Pourtant, Antoinette a été profondément marquée par la mort de son père. C’est dans ses bras qu’il est tombé lorsqu’il a été foudroyé par une crise cardiaque, alors qu’il préparait le repas du dimanche avec les enfants, pendant qu’Alexandrine assistait à la grand’messe à Sainte-Clothilde. Elle avait 11 ans. Elle est soudainement prise d’une douleur qui la déchire, une douleur intolérable. Elle n’oubliera jamais ce moment tragique, car elle l’a vu se sentir mal, se tourner vers elle en grimaçant, tomber lourdement sur elle et sur la table de cuisine, alors qu’elle s’avançait pour l’aider. Antoinette se rappelle encore son visage marqué d’une douleur intense, le poids de son corps, sa chaleur, ses derniers soubresauts, la surprise de voir sa vie s’évanouir en quelques secondes, les cris affolés de ses frères et de sa soeur. Ce souvenir la hante. Elle entend encore les lamentations de sa mère, que Charlot est allé chercher à l’église, lorsqu’elle rentre à la maison suivie des voisines. Et puis, plus rien. Les souvenirs s’effacent, sauf celui où elle voit le cercueil exposé dans le salon, son père allongé au fond, alors qu’elle se rend pendant la nuit à la toilette située au rez-de-chaussée de leur petite maison. Elle raconte : « Je descendais l’escalier tout en regardant dans le salon. Je le voyais là, dans son cercueil. J’étais toute bouleversée, j’avais le cœur brisé… ». Et elle ajoute combien il avait fière allure et comme elle le trouvait beau.

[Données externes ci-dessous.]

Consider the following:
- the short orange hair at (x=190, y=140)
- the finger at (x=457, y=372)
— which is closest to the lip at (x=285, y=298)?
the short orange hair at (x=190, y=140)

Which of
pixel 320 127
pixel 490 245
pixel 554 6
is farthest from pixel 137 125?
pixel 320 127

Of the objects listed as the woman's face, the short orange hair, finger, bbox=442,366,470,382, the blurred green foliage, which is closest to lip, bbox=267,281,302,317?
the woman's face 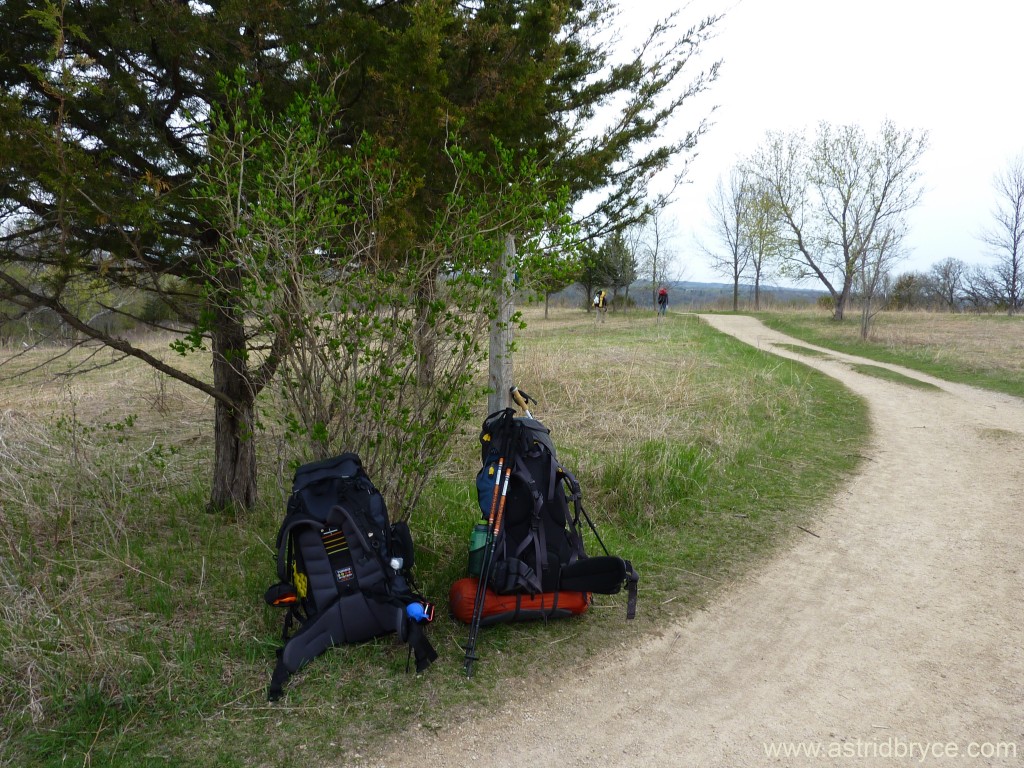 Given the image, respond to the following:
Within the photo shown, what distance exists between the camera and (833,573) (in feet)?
15.5

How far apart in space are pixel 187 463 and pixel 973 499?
7756 mm

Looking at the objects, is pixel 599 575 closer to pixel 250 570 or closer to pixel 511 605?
pixel 511 605

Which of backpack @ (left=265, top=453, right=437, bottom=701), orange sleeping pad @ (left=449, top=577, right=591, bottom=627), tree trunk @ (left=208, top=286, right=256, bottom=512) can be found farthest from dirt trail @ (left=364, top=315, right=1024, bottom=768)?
tree trunk @ (left=208, top=286, right=256, bottom=512)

Alexandrine souffre énormément de la mort de son mari qui, en plus d’avoir été un très bon père, était le seul support financier de la famille. Le patron de l’usine Robertson, de la rue William, où travaillait Fortunat comme opérateur de machinerie pour la fabrication des trappes de plomb utilisées en plomberie, sympathise beaucoup avec le malheur de la famille. Il vient à la maison proposer à Alexandrine d’engager Charlot pour remplacer son père. Charlot, qui n’a que 15 ans, se voit obligé d’accepter. Il versera hebdomadairement tout son maigre salaire de vingt-cinq piastres à Alexandrine pour subvenir aux besoins de la famille.
Il arrivera souvent à Antoinette de reparler de son père, de la grande injustice de son décès, de la vie facile qu’elle aurait connue s’il avait vécu. Charles-Émile constatera plus tard que son amour pour Fortunat avait grandi avec les années et qu’il lui manquait de plus en plus. Elle donne l’impression de l’aimer davantage que sa mère.